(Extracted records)
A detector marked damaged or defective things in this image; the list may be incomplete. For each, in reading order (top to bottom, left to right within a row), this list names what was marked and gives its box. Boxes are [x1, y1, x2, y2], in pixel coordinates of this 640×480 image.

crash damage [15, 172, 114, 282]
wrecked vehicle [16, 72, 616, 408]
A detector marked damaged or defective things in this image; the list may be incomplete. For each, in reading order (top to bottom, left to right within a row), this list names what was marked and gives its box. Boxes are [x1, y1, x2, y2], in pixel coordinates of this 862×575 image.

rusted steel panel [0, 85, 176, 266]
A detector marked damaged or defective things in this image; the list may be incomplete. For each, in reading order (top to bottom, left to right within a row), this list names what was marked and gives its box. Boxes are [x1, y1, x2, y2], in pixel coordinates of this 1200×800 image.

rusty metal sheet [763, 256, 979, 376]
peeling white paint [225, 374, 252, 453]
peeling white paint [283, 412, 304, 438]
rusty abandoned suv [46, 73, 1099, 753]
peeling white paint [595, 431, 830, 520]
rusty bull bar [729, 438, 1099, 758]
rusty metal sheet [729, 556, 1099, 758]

## AIM OF THE TASK
Please copy out each entry exactly as it appears above.

## REPLY
A detector marked damaged or defective things in this image; the list may be incomplete. For each, in reading order (top to bottom, left to right within a row), this list names what was marked and gives its box. Boxes are [x1, y1, x2, y2], in pixel coordinates of this 640×480 image.

crash damage [15, 172, 114, 282]
wrecked vehicle [16, 72, 616, 408]
A detector marked damaged or defective things in this image; the list may be incomplete. For each, in reading order (top to bottom, left to right within a row), this list names what was marked and gives its box. Boxes are [x1, y1, x2, y2], in pixel coordinates of this 862×575 image.

rusted steel panel [0, 85, 176, 266]
A detector marked damaged or defective things in this image; the list may be incomplete. For each, in reading order (top to bottom, left to right within a row), this list names what was marked and gives its box. Boxes are [x1, y1, x2, y2], in pixel coordinates of this 1200×800 image.

rusty metal sheet [763, 256, 979, 376]
peeling white paint [225, 374, 252, 453]
peeling white paint [283, 412, 304, 438]
rusty abandoned suv [46, 73, 1099, 753]
peeling white paint [595, 431, 830, 520]
rusty bull bar [729, 438, 1099, 758]
rusty metal sheet [729, 556, 1099, 758]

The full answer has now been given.